En ese libro, Wojtyla descubre que el impulso sexual es parte de la naturaleza del ser humano necesaria para la preservación de la especie, sirviendo el placer como elemento motivador. El placer unido al sexo es bueno si se disfruta en el contexto adecuado y ese contexto es que el acto vaya dirigido a la procreación. O sea, que nada de condones. Wojtyla afirma que hay una suerte de vergüenza cuando uno descubre que su cuerpo puede servir para dar placer a otro. Vergüenza física por el cuerpo propio y vergüenza emocional por nuestras reacciones. El pudor nace del esfuerzo por aminorar esa vergüenza y su práctica implica que deseamos relacionarnos con la otra persona como un todo, no sólo como un objeto sexual. Resulta que esa vergüenza se vence en el seno del matrimonio ¡y siempre que lo hagamos sin condones!

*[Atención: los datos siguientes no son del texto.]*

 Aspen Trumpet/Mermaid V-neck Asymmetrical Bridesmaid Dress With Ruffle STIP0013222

“El amor en su aspecto físico es naturalmente inseparable de la vergüenza, pero dentro de la relación entre el hombre y la mujer concernidos un fenómeno característico ocurre, que llamaremos aquí ‘la absorción de la vergüenza por el amor’. Es como si la vergüenza fuera tragada por el amor, disuelta en él, de forma que el hombre y la mujer ya no se avergüenzan de compartir su experiencia de los valores sexuales (…) En el sexo marital tanto la vergüenza como el proceso normal de su absorción por el amor están conectados con la aceptación consciente de la posibilidad de la paternidad (…) Si hay una decisión positiva de excluir esta posibilidad, el sexo marital se hace desvergonzado.”

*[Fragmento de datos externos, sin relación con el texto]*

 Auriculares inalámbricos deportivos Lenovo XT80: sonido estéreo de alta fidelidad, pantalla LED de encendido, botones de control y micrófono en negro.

Hay muchos que han cantado las excelencias de este libro, pero a mí me sigue pareciendo la paja mental de alguien que sólo conocía de oídas lo que eran el sexo y el matrimonio. Si Karol Wojtyla no hubiera pasado de ser Arzobispo de Cracovia, lo que hubiera escrito sobre el sexo y el matrimonio, no habría pasado de ser una curiosidad para cuatro feligreses polacos. Lo malo fue que Pablo VI recurrió a él para que fuese uno de los redactores de la encíclica “Humanae Vitae” y le dio la posibilidad de que contase al mundo lo que pensaba del sexo.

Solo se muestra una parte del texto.